Bombay HC: New State Policy Accepted Which Bats for Idol Immersion in Artificial Ponds Instead of Rivers, Lakes During Ganesh Chaturthi

Ganesh Chaturthi Law Insider

Shashwati Chowdhury

Published on: August 31, 2022 at 19:44 IST

The Maharashtra government told recently the Bombay High Court that it has developed a new policy that will permit the immersion of Plaster of Paris (PoP) and other Ganpati idols during the Ganesh Chaturthi festival, preferably in artificial ponds rather than rivers and lakes.

A Division Bench of Justices Atul Chandurkar and Urmila Joshi Phalke at Nagpur Bench accepted the state’s policy and said that it would continue to be in effect until a more comprehensive one was framed.

In a suo motu case, the court was deciding on issues raised by the usage of PoP to create religious idols for the Ganesh festival and Navratri.

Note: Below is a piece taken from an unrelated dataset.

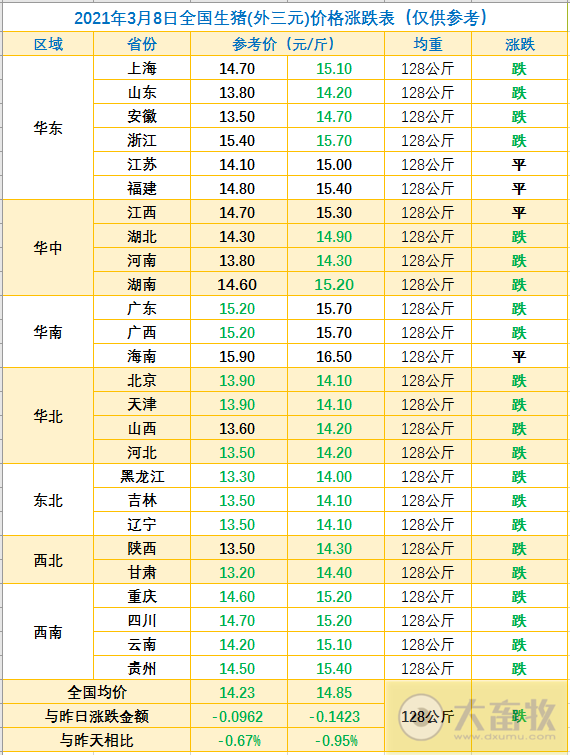 2021.03.08-今日猪价22省下跌，牧原1-2月生猪销量约500万头同增250%，新希望拟投6亿在桂林新建年出栏30万头生猪项目，双胞胎从饲料业向食品业迈进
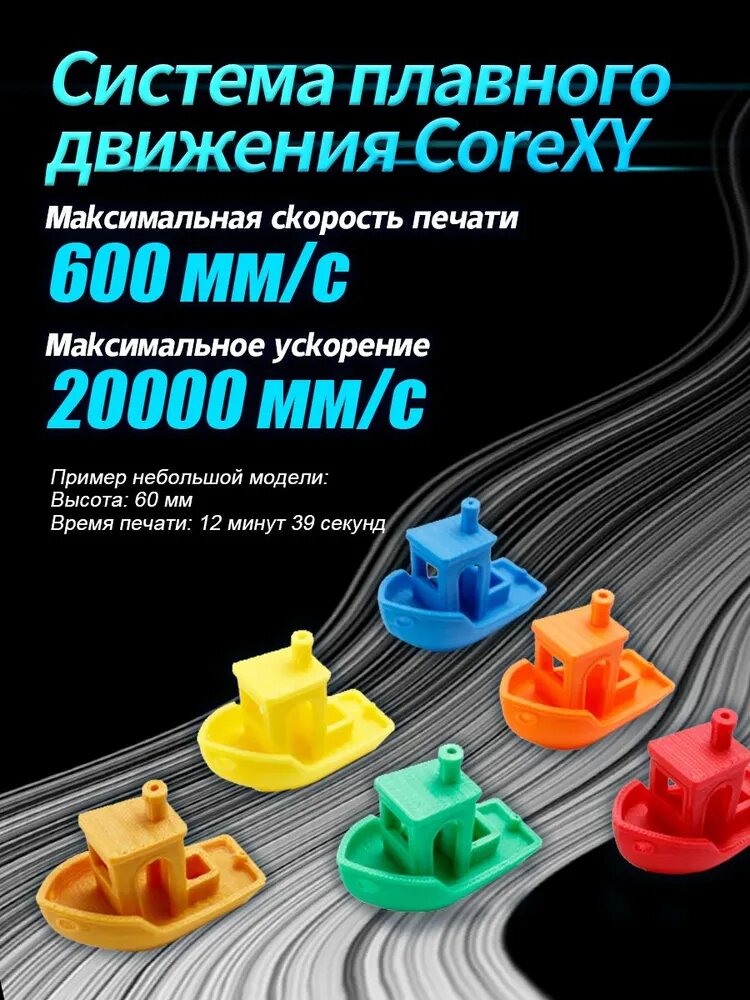 3D-принтер Creality K1C FDM, 220x220х250 мм, скорость 600 мм/с — фото 1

Additionally, it had made notice of the effects that the oil paints used to paint these idols had on the bodies of water where they are usually immersed.

According to the State’s 45-page policy, a committee was appointed by the State to offer suggestions regarding the issues raised by the Court.

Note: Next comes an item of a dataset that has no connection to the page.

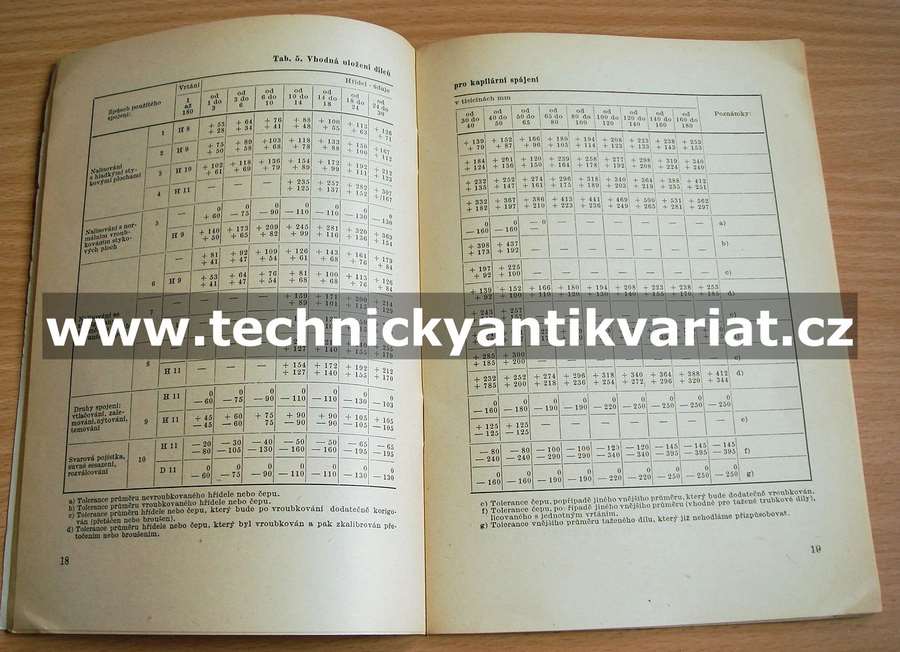 Kapilární pájení ve strojnické výrobě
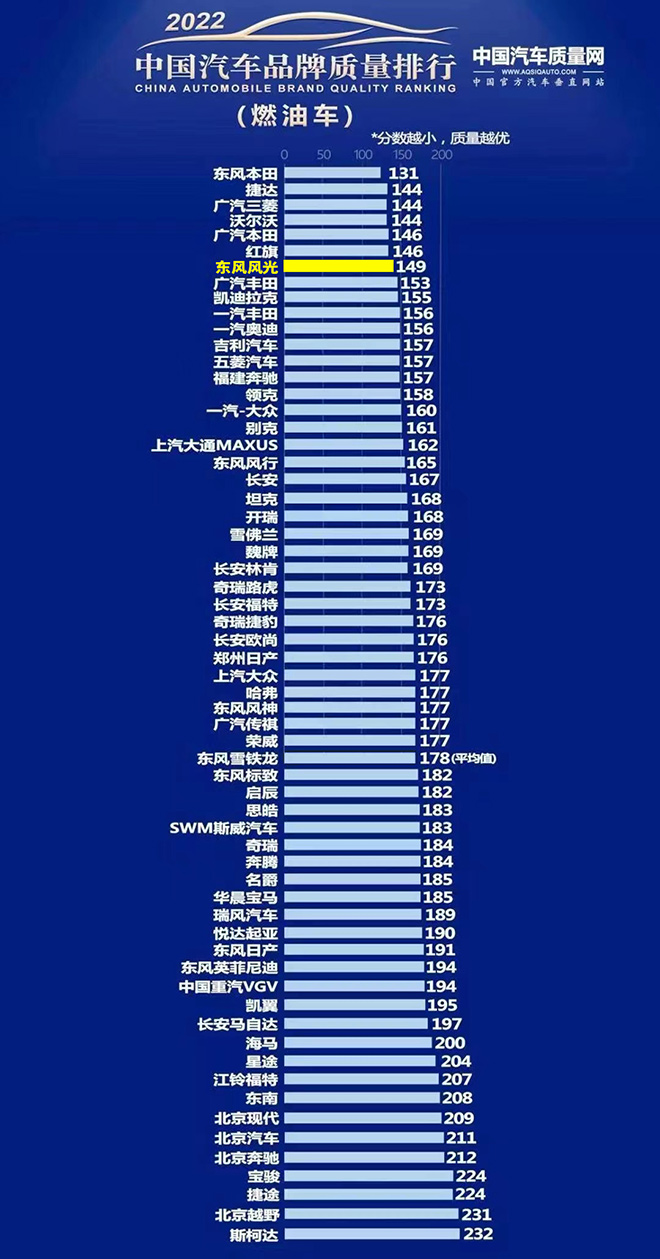 汽车品牌段位排行榜——实力与荣耀的较量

In response, the committee made suggestions that were reflected in the report.

According to the same, eco-friendly materials such as natural clay, dried flowers, straw, or other eco-friendly materials should be utilised to create the ornaments for the idols.

Even the heights of the idol needs to be regulated.

Additionally, it was suggested that local bodies grant licences to artisans who create clay and eco-friendly idols without the use of PoP.

Regarding the immersion, it was suggested that officials be instructed to make sure that the majority of idols are submerged in artificial bodies of water.

The policy recommended designating a designated location (with proper approach, access, corner portion of river, pond, or lake, having shallow depth of water in river, lakes, or ponds) in the event that idols are to be submerged in rivers, lakes, or ponds in order to prevent contaminating water bodies, along with safety provisions, preferably steel or wooden barricades, to be made by the concerned local body.

The Central Pollution Control Board (CPCB) and other experts were represented on the technical committee, which was formed to create a policy that would take effect in 2023, the court said in its order following the hearing on August 29. Within three months, a report is expected.

The matter would be next heard on September 21.